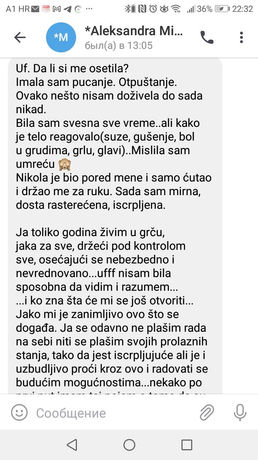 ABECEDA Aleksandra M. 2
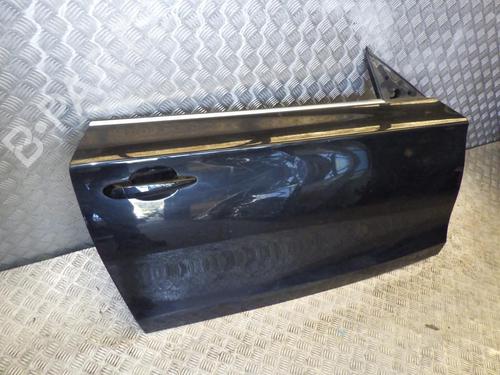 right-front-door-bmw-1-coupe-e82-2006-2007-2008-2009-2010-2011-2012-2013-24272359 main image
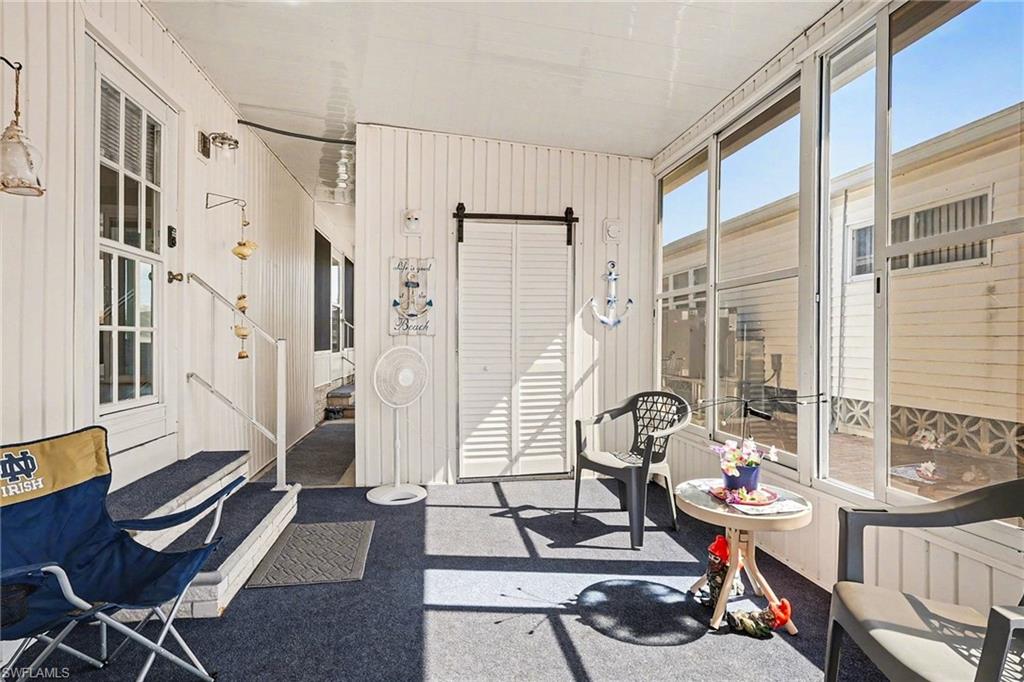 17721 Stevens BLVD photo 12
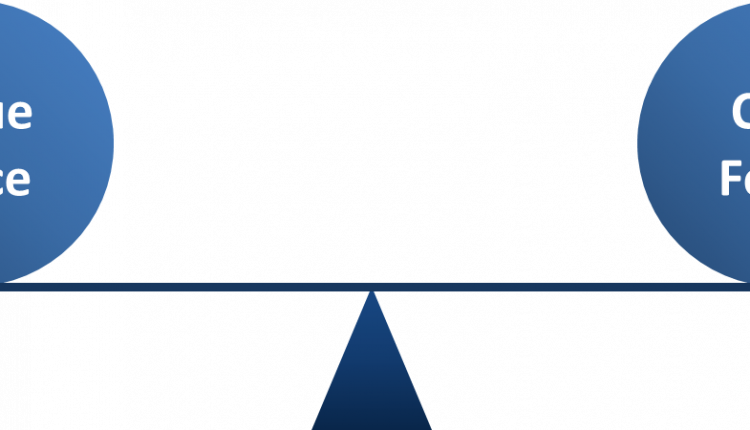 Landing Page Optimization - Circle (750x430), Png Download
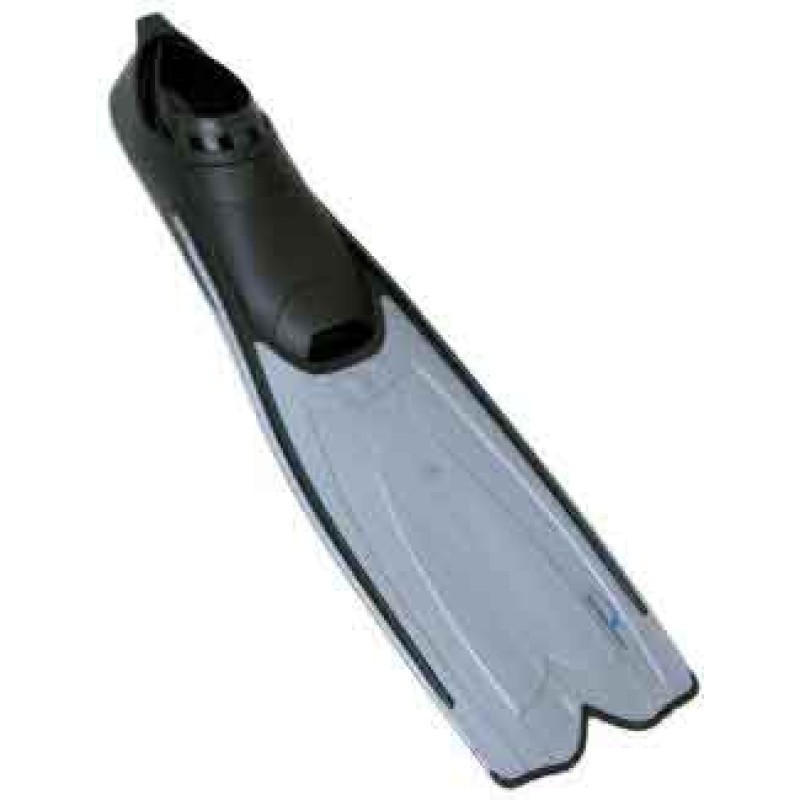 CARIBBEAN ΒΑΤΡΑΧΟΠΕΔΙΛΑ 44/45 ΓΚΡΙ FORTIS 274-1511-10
====
Task to carry out: Word for word, retype the lines from the one that contains "17721 Stevens BLVD photo 12" through the final line of the data, both ends included, excluding pictures.

Response area:
 17721 Stevens BLVD photo 12
 Landing Page Optimization - Circle (750x430), Png Download
 CARIBBEAN ΒΑΤΡΑΧΟΠΕΔΙΛΑ 44/45 ΓΚΡΙ FORTIS 274-1511-10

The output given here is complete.